→ TASK STATEMENT
Show all lines from the records below in which the string "before" is present.

BEGIN SOURCE DATA

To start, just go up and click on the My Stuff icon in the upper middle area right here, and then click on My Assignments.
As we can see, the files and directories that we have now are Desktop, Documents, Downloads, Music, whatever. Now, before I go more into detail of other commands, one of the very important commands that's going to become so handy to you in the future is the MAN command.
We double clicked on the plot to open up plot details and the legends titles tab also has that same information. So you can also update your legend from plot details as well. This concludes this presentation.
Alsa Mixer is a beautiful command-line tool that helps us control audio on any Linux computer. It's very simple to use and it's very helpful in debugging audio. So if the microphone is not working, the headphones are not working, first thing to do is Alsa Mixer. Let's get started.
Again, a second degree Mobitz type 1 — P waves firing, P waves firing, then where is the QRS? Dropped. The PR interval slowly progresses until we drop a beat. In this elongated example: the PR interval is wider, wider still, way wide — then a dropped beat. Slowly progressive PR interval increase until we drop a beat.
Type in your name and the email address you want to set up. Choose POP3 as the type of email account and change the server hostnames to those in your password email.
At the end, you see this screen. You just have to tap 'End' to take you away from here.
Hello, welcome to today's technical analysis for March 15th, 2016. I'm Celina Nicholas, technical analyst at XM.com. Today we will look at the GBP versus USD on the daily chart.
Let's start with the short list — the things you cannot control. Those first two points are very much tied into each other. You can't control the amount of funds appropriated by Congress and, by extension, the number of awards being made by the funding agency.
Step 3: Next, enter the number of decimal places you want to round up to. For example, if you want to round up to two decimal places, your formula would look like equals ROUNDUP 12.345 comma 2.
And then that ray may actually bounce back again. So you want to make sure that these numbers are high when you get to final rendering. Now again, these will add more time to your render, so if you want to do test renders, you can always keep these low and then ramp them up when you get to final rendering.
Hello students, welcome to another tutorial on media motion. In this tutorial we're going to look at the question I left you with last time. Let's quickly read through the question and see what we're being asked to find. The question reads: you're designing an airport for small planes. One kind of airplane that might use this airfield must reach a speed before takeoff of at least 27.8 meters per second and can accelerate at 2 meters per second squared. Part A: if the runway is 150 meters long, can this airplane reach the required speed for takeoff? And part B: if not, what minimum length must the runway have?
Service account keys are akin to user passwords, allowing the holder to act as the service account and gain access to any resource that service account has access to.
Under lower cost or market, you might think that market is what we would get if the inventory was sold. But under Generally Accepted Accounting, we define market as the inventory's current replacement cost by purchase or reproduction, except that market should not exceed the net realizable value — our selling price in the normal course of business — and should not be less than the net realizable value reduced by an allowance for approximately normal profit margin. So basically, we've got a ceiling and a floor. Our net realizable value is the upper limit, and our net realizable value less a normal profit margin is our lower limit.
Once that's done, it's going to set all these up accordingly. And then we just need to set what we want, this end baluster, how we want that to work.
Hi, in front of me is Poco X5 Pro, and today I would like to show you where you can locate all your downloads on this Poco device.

END SOURCE DATA

→ FINISHED EXERCISE
As we can see, the files and directories that we have now are Desktop, Documents, Downloads, Music, whatever. Now, before I go more into detail of other commands, one of the very important commands that's going to become so handy to you in the future is the MAN command.
Hello students, welcome to another tutorial on media motion. In this tutorial we're going to look at the question I left you with last time. Let's quickly read through the question and see what we're being asked to find. The question reads: you're designing an airport for small planes. One kind of airplane that might use this airfield must reach a speed before takeoff of at least 27.8 meters per second and can accelerate at 2 meters per second squared. Part A: if the runway is 150 meters long, can this airplane reach the required speed for takeoff? And part B: if not, what minimum length must the runway have?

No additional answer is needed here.